[[ Task input open ]]

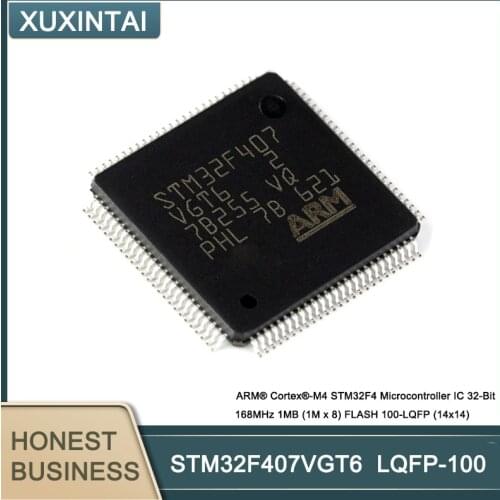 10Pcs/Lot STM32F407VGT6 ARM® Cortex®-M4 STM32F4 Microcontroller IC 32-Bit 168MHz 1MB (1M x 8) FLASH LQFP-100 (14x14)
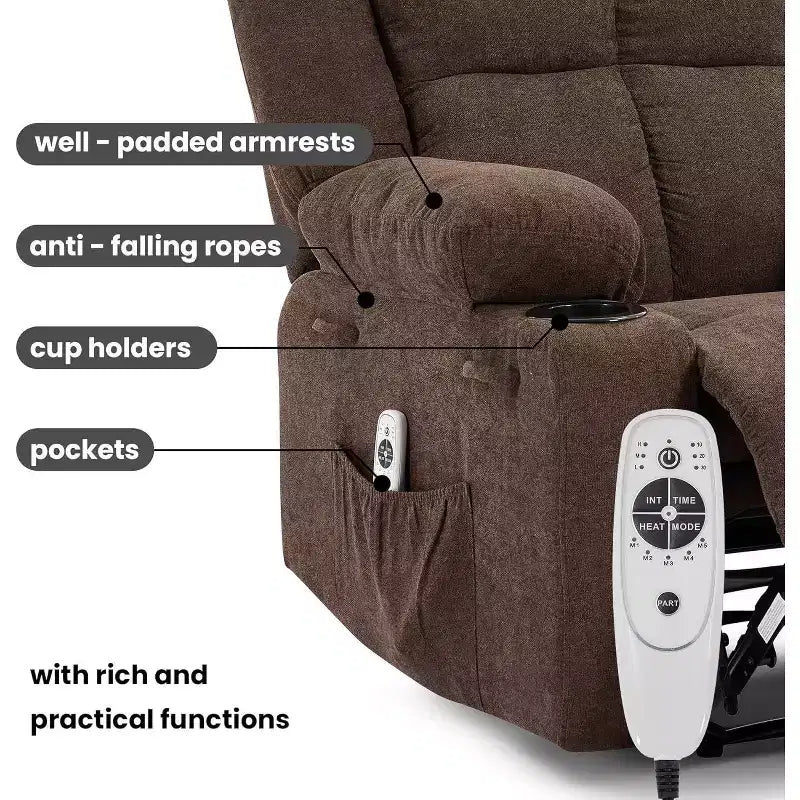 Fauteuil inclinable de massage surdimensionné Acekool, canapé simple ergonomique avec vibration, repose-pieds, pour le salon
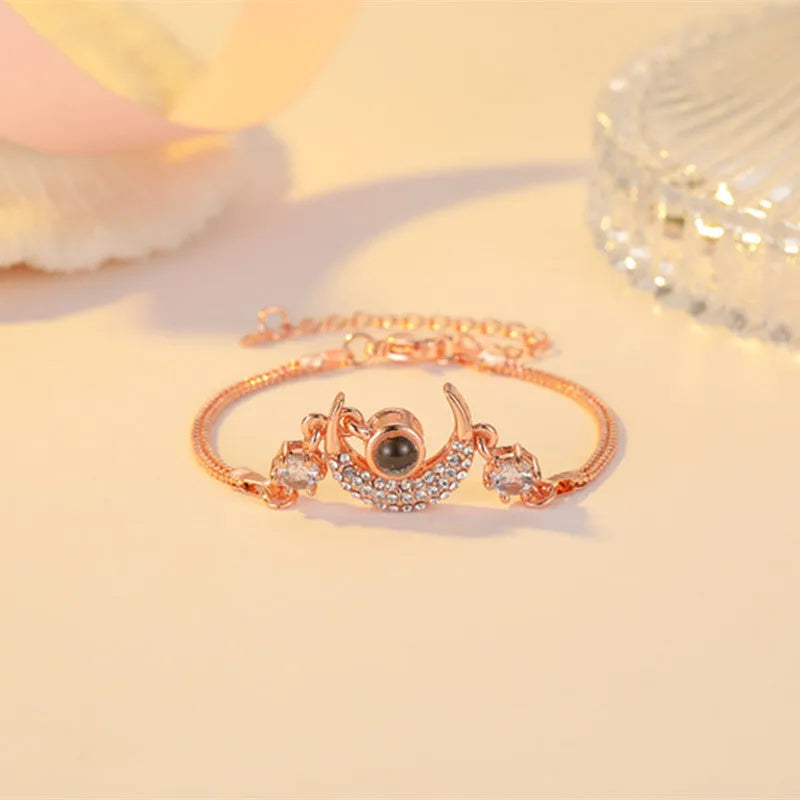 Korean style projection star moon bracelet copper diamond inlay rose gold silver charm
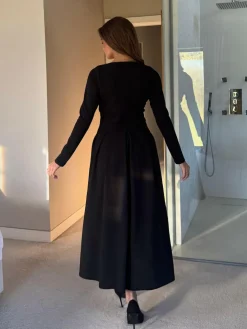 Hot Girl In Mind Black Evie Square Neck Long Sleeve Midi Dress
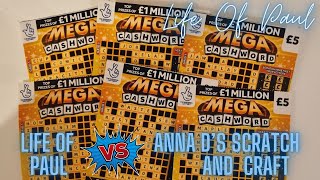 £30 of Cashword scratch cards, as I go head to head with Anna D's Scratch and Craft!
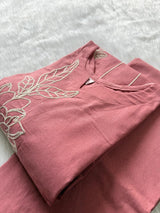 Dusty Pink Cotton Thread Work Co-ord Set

[[ Task input closed ]]

About this task>
Pictures are to be left out when the lines from the one containing "Fauteuil inclinable de" through the end of the records above are repeated exactly; no other line is wanted.

Exercise response>
 Fauteuil inclinable de massage surdimensionné Acekool, canapé simple ergonomique avec vibration, repose-pieds, pour le salon
 Korean style projection star moon bracelet copper diamond inlay rose gold silver charm
 Hot Girl In Mind Black Evie Square Neck Long Sleeve Midi Dress
 £30 of Cashword scratch cards, as I go head to head with Anna D's Scratch and Craft!
 Dusty Pink Cotton Thread Work Co-ord Set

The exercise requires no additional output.